Has anyone made an electro magnetic chuck from the guts of a microwave?

Wow, that is interesting and amazingly clever. But man, that guy really needs a milling machine!
 
The thing leaks somewhere ! Besides , if it isn't good enough for the kitchen , it sure won't go into the garage ! :big grin:
 
KEWL!

Say will most any transformer work? I have several large ones out of old CNC machines, physically four times bigger.
 
KEWL!

Say will most any transformer work? I have several large ones out of old CNC machines, physically four times bigger.

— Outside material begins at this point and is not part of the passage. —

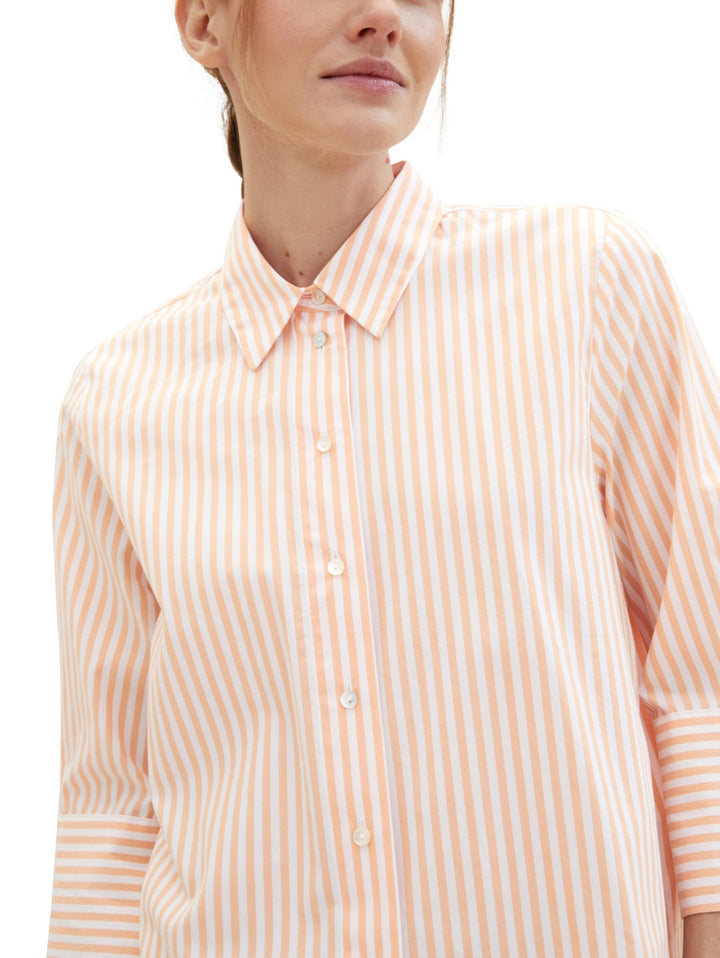 Striped blouse with TENCEL(TM) Lyocell - Orange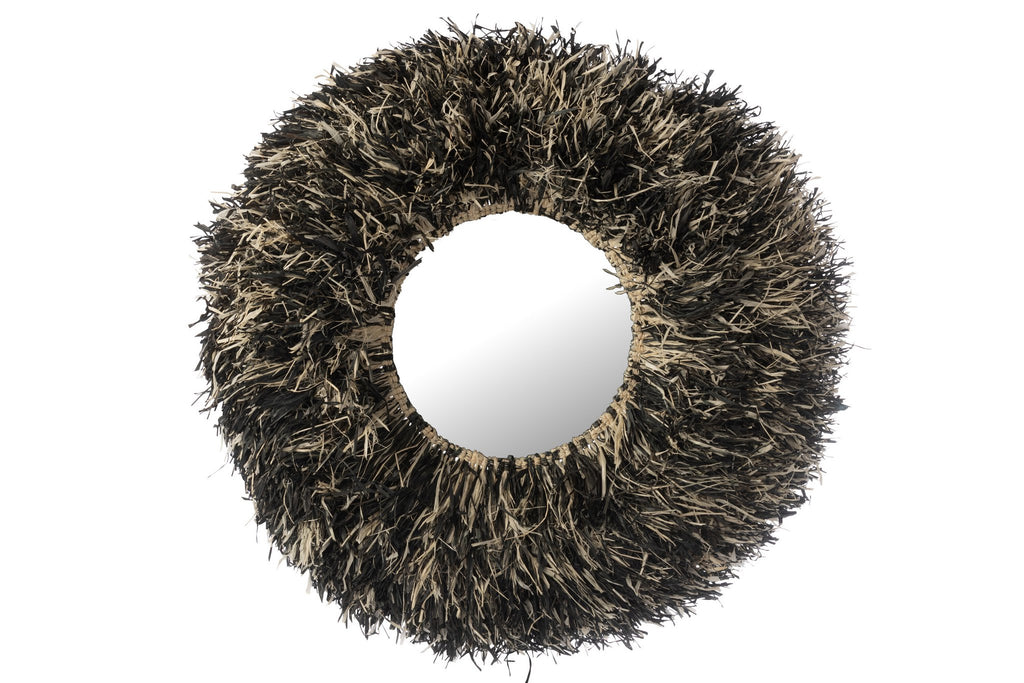 J-Line spiegel Rond Sisal - riet - zwart/wit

I don't see why not. The design just uses the laminations as a core for an electromagnet. Some transformers are pretty easy to disassemble, using rivets or bolts instead of welds to hold the core together. If you have that type, it would be easy enough to test.
 
In this application the windings are driven with DC. Laminated cores are used to reduce eddy-current losses when the the core is used as a transformer, which is not the case here. So you could also make one of these just using soft iron pieces and winding your own coil(s). To concentrate the magnetic field where you want it, you want the magnetic-field path to be gap-free so the fingers of the "E" need to be machined flat, along with the mating surfaces on the long portion of the "E". I'd be inclined to screw them together, but welding would probably work, too. Long portion: the | (vertical) section. The fingers: the "--" (horizontal) pieces. Of course, in use the "E" would be rotated so it is a "dead E" :laughing: .

I'm reminded of a really old (and bad) physics joke. If an "M" represents a centimeter, what does a "W" represent? Answer: a dyne-centimeter. UGH!